7.4 Writing Linux Tools

Table of Contents

Overview

Linux invites you to build your own tools. Many of the commands you already know started as small utilities written by someone who needed to automate a task or make a repetitive job easier. In this chapter you will see how to think about Linux tools as building blocks, how to design your own, and how to approach implementation across three common choices, Bash, Python, and C, without repeating the detailed language material that is covered in later child chapters.

The focus here is not on full language tutorials. Instead, you will learn how Linux tools behave, how they interact with the system and with each other, and what conventions make them feel native on a Unix like system.

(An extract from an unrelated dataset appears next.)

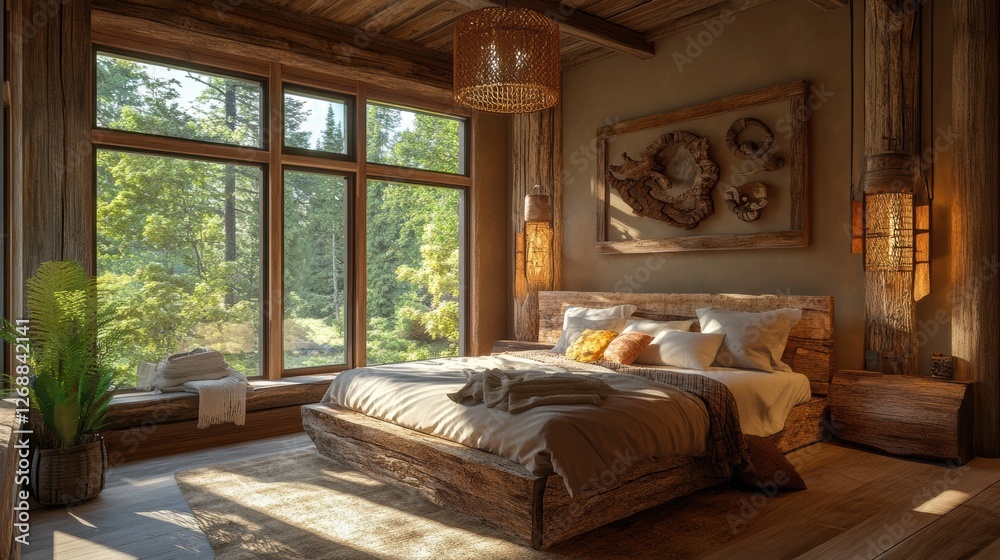 Poster rustic bedroom featuring wooden carvings and a serene forest view in a tranquil retreat setting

What Makes a Program a “Linux Tool”?

A Linux tool is usually a command line program that follows a handful of strong conventions. These conventions make tools easy to combine, automate, and reuse.

A typical Linux tool:

It reads input from standard input, from files, or from the network. It writes output to standard output and errors to standard error. It uses exit status codes to signal success or failure. It can be combined with other tools using pipes and redirection. It is controlled by options and arguments, not interactive menus, unless it is a full screen tool.

You already know examples like ls, grep, find, and tar. Your own tools should aim to behave in a similar way so that users can predict how to use them.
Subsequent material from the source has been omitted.